• [Task prompt]: Transcribe only the lines between the first line of the records and the line containing "Liquid Platinum /", inclusive, exactly as written.

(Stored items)
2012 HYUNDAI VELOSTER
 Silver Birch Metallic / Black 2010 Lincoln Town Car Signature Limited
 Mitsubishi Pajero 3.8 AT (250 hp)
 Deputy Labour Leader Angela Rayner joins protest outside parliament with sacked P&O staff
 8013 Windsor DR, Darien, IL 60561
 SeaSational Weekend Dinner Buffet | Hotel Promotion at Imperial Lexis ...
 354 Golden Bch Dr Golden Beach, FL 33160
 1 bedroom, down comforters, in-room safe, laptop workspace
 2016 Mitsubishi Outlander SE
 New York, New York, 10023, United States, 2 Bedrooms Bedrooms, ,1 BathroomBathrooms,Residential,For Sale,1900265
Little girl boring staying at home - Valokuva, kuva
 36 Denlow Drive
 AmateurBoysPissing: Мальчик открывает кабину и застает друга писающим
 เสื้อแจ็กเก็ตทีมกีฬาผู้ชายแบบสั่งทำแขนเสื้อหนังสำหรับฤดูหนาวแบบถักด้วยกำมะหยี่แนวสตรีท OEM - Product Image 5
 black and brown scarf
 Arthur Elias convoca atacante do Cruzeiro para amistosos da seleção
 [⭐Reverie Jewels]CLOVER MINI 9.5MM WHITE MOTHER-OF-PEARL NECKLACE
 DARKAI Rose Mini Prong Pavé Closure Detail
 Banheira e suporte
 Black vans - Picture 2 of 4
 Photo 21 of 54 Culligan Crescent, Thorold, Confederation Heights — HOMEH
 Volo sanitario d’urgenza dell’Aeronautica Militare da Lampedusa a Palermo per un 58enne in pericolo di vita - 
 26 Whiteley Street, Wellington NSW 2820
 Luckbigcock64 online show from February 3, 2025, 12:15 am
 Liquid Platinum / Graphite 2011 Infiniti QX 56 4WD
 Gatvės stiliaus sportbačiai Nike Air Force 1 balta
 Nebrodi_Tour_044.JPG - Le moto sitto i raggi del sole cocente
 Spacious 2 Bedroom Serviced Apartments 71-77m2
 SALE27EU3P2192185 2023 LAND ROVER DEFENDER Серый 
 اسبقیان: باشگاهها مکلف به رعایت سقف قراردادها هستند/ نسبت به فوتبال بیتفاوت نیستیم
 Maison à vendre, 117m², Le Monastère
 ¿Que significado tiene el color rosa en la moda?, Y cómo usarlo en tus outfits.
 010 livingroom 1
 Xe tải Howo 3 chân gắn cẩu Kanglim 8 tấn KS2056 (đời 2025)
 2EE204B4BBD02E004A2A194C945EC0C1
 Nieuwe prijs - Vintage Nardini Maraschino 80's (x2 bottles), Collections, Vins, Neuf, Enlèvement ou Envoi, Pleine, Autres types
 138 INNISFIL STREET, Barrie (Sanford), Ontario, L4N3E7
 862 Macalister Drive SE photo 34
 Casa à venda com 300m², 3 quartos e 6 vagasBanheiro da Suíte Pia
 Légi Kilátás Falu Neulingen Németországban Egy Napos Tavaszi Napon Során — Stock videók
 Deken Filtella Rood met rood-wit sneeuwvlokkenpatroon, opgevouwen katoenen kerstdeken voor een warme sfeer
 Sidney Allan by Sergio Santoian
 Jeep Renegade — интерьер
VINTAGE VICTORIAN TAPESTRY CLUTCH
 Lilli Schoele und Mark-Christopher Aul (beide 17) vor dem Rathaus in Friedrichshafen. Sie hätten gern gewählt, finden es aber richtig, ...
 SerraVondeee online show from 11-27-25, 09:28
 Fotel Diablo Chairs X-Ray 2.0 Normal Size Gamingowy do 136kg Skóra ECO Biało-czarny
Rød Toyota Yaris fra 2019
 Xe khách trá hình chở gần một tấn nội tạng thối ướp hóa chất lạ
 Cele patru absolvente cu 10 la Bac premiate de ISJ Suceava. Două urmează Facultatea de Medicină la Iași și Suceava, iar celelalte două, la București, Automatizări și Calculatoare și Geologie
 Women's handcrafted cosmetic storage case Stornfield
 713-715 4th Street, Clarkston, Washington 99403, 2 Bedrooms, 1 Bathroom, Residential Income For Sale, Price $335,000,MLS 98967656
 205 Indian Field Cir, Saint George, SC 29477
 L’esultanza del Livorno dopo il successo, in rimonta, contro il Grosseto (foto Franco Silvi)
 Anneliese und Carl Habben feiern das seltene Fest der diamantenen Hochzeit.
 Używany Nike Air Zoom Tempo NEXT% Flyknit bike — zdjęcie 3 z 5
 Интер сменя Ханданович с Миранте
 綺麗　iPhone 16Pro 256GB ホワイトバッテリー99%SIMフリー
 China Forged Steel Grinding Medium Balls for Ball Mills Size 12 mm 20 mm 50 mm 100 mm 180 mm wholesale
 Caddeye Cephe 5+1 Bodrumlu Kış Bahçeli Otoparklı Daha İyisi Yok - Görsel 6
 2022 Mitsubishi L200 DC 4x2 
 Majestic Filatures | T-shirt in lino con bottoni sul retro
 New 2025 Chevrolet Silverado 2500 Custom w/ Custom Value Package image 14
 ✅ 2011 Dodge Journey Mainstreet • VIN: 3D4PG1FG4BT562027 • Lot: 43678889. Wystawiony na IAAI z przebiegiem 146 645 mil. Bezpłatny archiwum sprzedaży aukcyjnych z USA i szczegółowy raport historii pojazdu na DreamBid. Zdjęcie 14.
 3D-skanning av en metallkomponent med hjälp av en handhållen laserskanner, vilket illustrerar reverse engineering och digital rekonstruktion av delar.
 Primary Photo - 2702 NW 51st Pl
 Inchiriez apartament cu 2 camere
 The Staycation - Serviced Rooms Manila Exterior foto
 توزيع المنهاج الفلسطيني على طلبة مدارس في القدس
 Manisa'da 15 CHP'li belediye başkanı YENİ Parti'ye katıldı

• [Output for this exercise]:
2012 HYUNDAI VELOSTER
 Silver Birch Metallic / Black 2010 Lincoln Town Car Signature Limited
 Mitsubishi Pajero 3.8 AT (250 hp)
 Deputy Labour Leader Angela Rayner joins protest outside parliament with sacked P&O staff
 8013 Windsor DR, Darien, IL 60561
 SeaSational Weekend Dinner Buffet | Hotel Promotion at Imperial Lexis ...
 354 Golden Bch Dr Golden Beach, FL 33160
 1 bedroom, down comforters, in-room safe, laptop workspace
 2016 Mitsubishi Outlander SE
 New York, New York, 10023, United States, 2 Bedrooms Bedrooms, ,1 BathroomBathrooms,Residential,For Sale,1900265
Little girl boring staying at home - Valokuva, kuva
 36 Denlow Drive
 AmateurBoysPissing: Мальчик открывает кабину и застает друга писающим
 เสื้อแจ็กเก็ตทีมกีฬาผู้ชายแบบสั่งทำแขนเสื้อหนังสำหรับฤดูหนาวแบบถักด้วยกำมะหยี่แนวสตรีท OEM - Product Image 5
 black and brown scarf
 Arthur Elias convoca atacante do Cruzeiro para amistosos da seleção
 [⭐Reverie Jewels]CLOVER MINI 9.5MM WHITE MOTHER-OF-PEARL NECKLACE
 DARKAI Rose Mini Prong Pavé Closure Detail
 Banheira e suporte
 Black vans - Picture 2 of 4
 Photo 21 of 54 Culligan Crescent, Thorold, Confederation Heights — HOMEH
 Volo sanitario d’urgenza dell’Aeronautica Militare da Lampedusa a Palermo per un 58enne in pericolo di vita - 
 26 Whiteley Street, Wellington NSW 2820
 Luckbigcock64 online show from February 3, 2025, 12:15 am
 Liquid Platinum / Graphite 2011 Infiniti QX 56 4WD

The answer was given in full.